Depending on the relative arrangement and shape of the electrode 91 and the electrode 92 with respect to the tactile stimulator 42, the tactile stimulator 42 can be moved in the tangential direction or the vertical direction of the palm 43. Since the driving force based on this principle is large, there is an advantage that a strong stimulus can be given.
(Sixth example of tactile stimulus output means 2)
FIG. 22 shows a sixth example of the tactile stimulus output means 2 according to the first embodiment of the present invention. The drive means shown in FIG. 22 is applied to drive the haptic stimulator 42 for realizing the haptic stimulus output means shown in FIG. 16, for example.

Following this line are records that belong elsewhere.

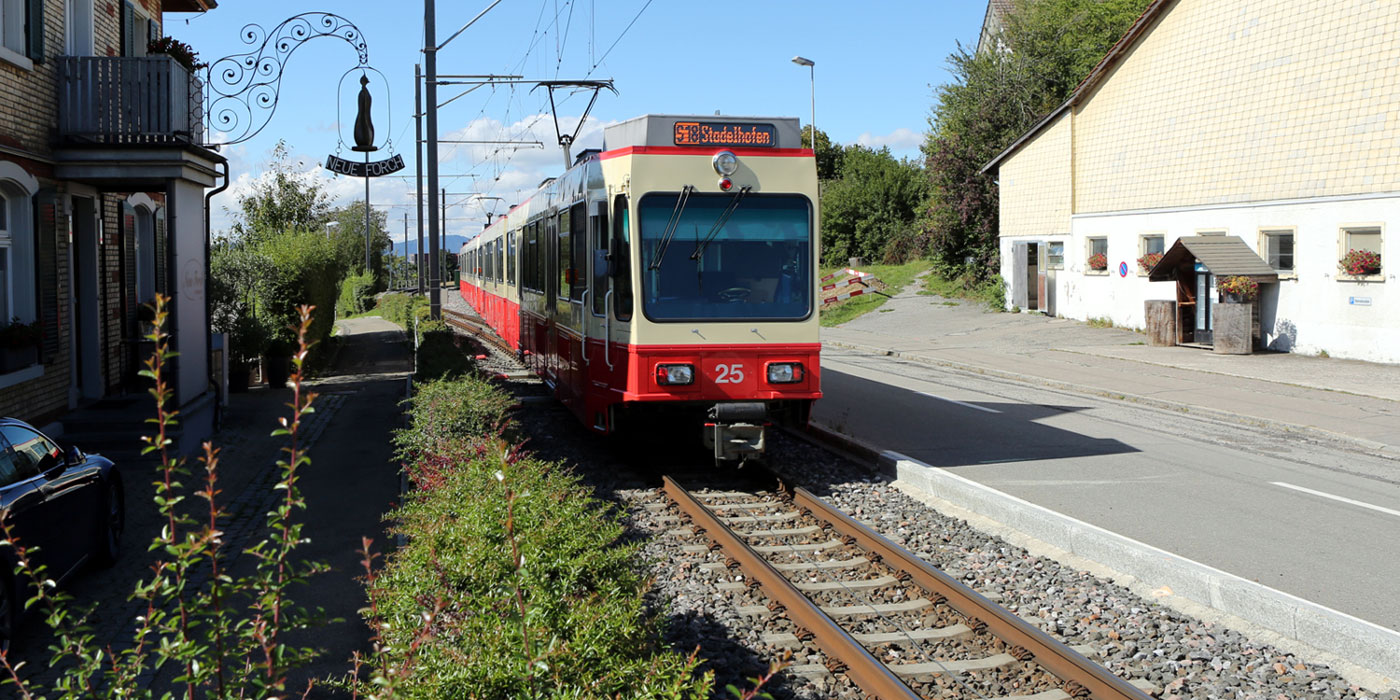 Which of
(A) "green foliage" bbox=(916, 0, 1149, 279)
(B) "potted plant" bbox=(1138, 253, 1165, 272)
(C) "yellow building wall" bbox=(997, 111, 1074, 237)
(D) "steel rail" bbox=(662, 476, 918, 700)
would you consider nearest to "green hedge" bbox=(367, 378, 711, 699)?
(D) "steel rail" bbox=(662, 476, 918, 700)

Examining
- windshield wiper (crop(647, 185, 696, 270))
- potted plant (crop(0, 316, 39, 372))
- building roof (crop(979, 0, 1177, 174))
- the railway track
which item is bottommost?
the railway track

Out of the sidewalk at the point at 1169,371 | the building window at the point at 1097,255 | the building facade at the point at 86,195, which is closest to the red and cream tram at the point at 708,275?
the building facade at the point at 86,195

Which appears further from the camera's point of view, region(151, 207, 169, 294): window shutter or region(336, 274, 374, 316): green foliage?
region(336, 274, 374, 316): green foliage

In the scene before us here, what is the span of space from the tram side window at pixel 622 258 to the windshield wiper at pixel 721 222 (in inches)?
24.9

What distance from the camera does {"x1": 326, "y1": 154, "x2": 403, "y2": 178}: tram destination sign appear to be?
24406 millimetres

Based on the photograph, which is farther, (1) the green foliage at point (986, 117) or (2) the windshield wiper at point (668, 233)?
(1) the green foliage at point (986, 117)

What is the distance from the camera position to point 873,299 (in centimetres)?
4234

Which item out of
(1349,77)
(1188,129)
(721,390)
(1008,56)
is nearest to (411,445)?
(721,390)

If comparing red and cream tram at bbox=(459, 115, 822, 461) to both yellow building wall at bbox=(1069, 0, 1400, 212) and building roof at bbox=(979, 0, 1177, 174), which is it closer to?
yellow building wall at bbox=(1069, 0, 1400, 212)

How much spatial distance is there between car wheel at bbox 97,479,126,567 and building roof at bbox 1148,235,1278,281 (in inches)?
851

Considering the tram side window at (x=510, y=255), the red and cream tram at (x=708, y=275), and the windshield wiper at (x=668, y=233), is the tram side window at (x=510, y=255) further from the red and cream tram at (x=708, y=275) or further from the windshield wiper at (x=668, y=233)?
the windshield wiper at (x=668, y=233)

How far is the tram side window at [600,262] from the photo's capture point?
35.1ft

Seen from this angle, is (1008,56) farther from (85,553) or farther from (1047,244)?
(85,553)

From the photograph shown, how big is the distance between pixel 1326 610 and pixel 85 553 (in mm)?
8072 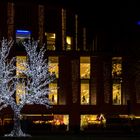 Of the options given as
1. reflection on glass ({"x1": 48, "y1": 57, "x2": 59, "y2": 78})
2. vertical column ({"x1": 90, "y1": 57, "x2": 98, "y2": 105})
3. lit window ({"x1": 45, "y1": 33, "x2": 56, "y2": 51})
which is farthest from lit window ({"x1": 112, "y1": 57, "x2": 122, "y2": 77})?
lit window ({"x1": 45, "y1": 33, "x2": 56, "y2": 51})

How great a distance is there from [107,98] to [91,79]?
3.13 m

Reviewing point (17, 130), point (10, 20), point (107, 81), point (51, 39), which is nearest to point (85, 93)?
point (107, 81)

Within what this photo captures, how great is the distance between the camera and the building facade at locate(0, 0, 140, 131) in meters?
67.1

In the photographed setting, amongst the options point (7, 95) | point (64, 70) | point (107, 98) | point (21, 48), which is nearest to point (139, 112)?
point (107, 98)

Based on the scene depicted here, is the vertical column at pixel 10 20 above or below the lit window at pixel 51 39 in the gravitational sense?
above

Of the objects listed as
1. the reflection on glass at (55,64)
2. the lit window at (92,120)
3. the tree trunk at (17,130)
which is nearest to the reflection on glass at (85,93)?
the lit window at (92,120)

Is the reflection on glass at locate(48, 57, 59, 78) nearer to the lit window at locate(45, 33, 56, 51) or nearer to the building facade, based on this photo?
the building facade

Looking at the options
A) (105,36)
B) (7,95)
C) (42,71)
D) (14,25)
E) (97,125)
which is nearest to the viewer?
(7,95)

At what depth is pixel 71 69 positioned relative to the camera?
6800cm

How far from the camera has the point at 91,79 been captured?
224 ft

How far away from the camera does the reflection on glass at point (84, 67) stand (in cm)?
6812

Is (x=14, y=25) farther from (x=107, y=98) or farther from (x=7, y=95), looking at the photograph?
(x=7, y=95)

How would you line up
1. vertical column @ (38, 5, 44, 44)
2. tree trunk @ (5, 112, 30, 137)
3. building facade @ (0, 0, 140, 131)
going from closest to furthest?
tree trunk @ (5, 112, 30, 137), building facade @ (0, 0, 140, 131), vertical column @ (38, 5, 44, 44)

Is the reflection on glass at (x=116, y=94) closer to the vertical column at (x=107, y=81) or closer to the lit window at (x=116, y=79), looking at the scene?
the lit window at (x=116, y=79) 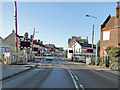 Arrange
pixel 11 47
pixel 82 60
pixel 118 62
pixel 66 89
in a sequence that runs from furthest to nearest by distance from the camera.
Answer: pixel 11 47, pixel 82 60, pixel 118 62, pixel 66 89

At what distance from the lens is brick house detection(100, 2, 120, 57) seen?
32812mm

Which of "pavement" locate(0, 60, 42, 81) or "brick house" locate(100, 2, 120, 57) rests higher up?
"brick house" locate(100, 2, 120, 57)

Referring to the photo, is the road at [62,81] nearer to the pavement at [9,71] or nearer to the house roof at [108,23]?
the pavement at [9,71]

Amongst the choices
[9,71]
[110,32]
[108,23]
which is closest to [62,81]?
[9,71]

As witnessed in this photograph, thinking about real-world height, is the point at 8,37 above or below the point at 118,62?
above

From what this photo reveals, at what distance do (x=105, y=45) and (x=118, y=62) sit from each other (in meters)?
14.8

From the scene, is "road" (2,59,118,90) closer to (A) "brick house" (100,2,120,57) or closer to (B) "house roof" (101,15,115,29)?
(A) "brick house" (100,2,120,57)

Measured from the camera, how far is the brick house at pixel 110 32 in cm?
3281

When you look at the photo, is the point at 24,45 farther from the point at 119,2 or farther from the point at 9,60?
the point at 119,2

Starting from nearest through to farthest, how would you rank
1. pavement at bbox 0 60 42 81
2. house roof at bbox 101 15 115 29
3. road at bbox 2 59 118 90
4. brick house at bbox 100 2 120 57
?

  The driving means shown in FIG. 22 moves the tactile stimulator 42 by a piezoelectric element, and includes a piezoelectric element 301 attached to the rear end of the tactile stimulator 42, a power supply 302 that applies an AC voltage to the piezoelectric element 301, The haptic stimulator 42 is configured to include a flexible fixing material 303 that keeps the tactile stimulus 42 in contact with a tactile stimulation output target surface (for example, a palm), and a base 55 that supports the flexible fixing material 303.

  In the driving means configured as described above, when an AC voltage is applied to the piezoelectric element 301 by the power supply 302, the piezoelectric element 301 vibrates, and accordingly, the tactile stimulator 42 also vibrates. Accordingly, when an AC voltage is applied to the piezoelectric element 301 in a state where the tactile stimulator 42 is placed on the palm 43, vibration stimulation can be applied to the palm 43. The flexible fixing material 303 keeps the tactile stimulator 42 in contact with the palm 43.

This method has the advantage of good responsiveness. In addition, since any frequency stimulus can be applied, stimulation of various material feelings can be applied using the human body characteristic that the material feeling changes when the frequency changes. There are various types of piezoelectric elements, such as those that output bending vibration and those that output axial vibration, so that various stimuli can be applied by changing the piezoelectric element.
(First example of stimulation method instruction means 3)
Next, a first example of the stimulation method instruction unit 3 of the tactile stimulation communication apparatus according to the first embodiment of the present invention will be described. FIG. 23 shows a configuration of a first example of the stimulation method instruction means 3. The illustrated stimulation method instruction means includes a circular base 201, a plurality of pressure sensitive sensors 203 disposed on the base 201, and a soft cover 202 that covers the entire pressure sensitive sensor 203.

  When an operation such as stroking or drawing characters is performed on the soft cover 202, pressure is applied to the pressure sensor 203, and each pressure sensor 203 converts the detected pressure into a signal and transmits the signal to the control means 5. Based on the signal input from each pressure-sensitive sensor 203, the control means 5 determines the direction of the operation and the speed of the operation from the change in the strength of the operation, the position (range) where the operation is performed, and the position where the pressure is detected Are detected, and it is determined which of the modes a to f is input, and a parameter to be attached to the determined mode is acquired. When the mode instructing unit as shown in FIG. 8 is provided, it is determined based on the signal transmitted from the mode instructing unit which of the modes a to f is input.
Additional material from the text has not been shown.